- **Given records**
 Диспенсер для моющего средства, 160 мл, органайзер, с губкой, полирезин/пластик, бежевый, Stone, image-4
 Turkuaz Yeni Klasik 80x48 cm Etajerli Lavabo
--
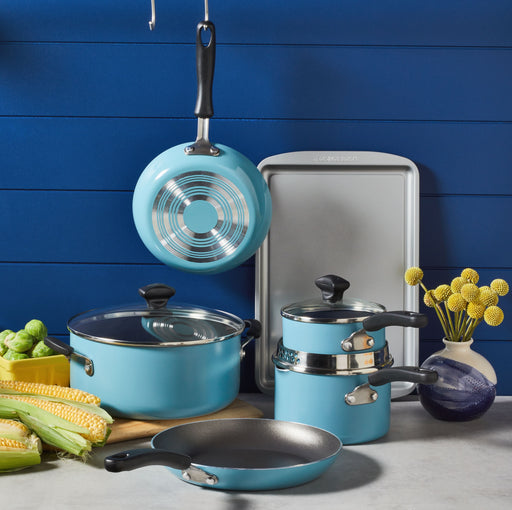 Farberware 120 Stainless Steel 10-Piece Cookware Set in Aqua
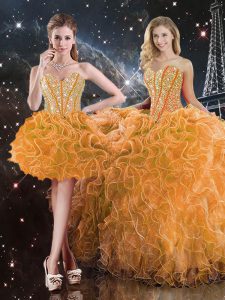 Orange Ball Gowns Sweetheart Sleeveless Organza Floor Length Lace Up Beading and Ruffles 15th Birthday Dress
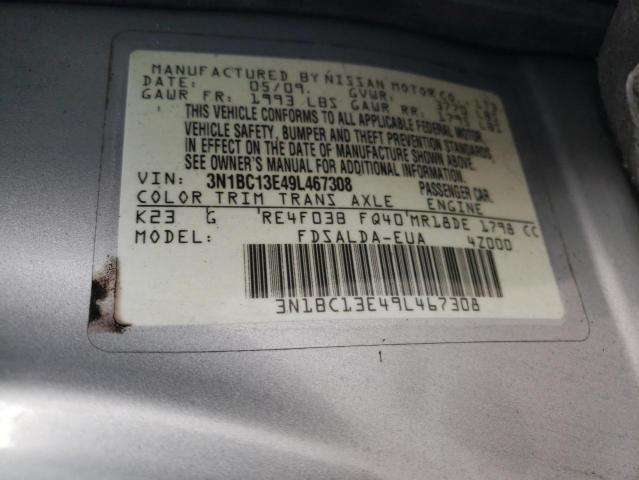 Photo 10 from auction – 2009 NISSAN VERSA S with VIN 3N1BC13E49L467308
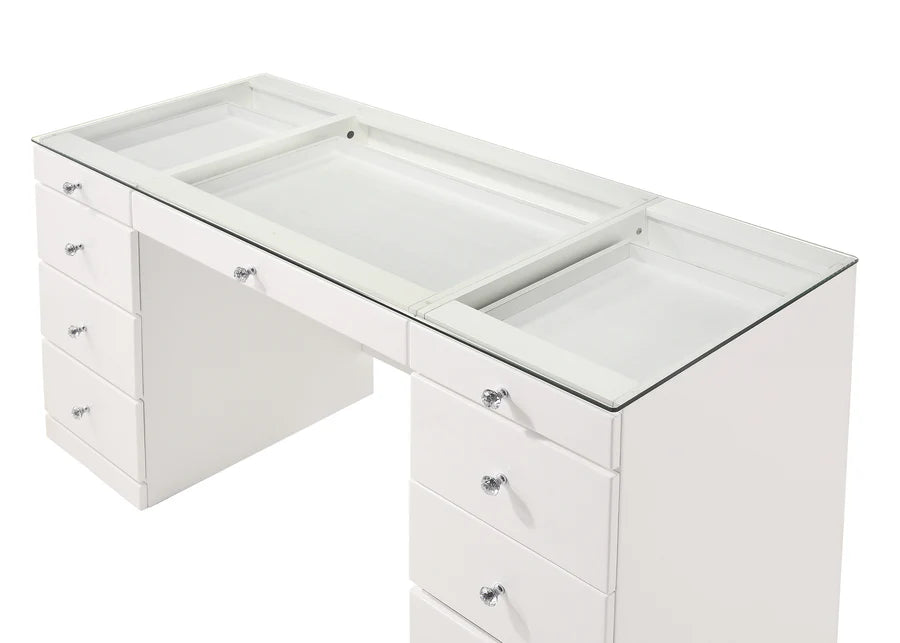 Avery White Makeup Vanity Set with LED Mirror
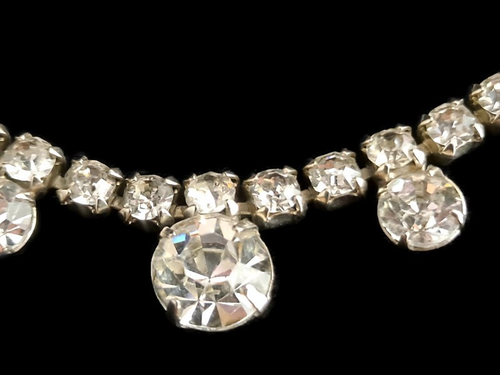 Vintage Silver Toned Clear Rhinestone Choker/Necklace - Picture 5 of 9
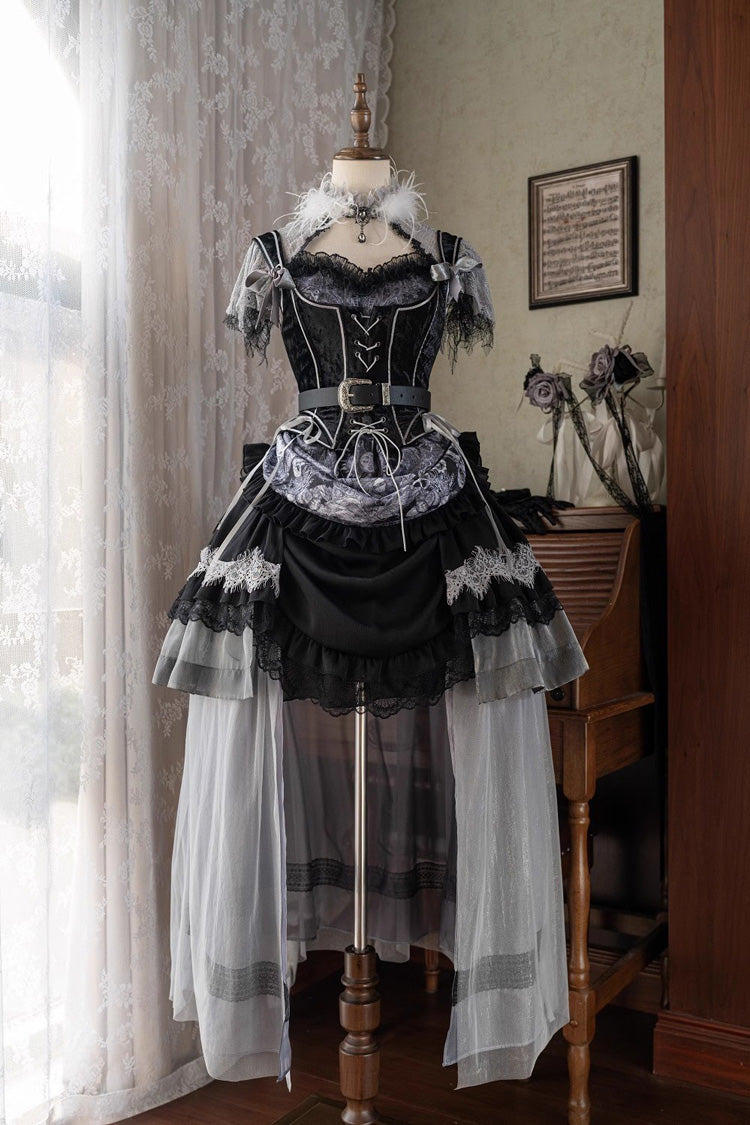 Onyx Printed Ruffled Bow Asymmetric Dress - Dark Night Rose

- **Problem to work on**
The exact lines of the material above starting at the one that contains "Диспенсер для моющего" and ending at the one that contains "Turkuaz Yeni Klasik 80x48 cm Etajerli Lavabo" are what to retype; leave out everything else.

- **Worked solution**
 Диспенсер для моющего средства, 160 мл, органайзер, с губкой, полирезин/пластик, бежевый, Stone, image-4
 Turkuaz Yeni Klasik 80x48 cm Etajerli Lavabo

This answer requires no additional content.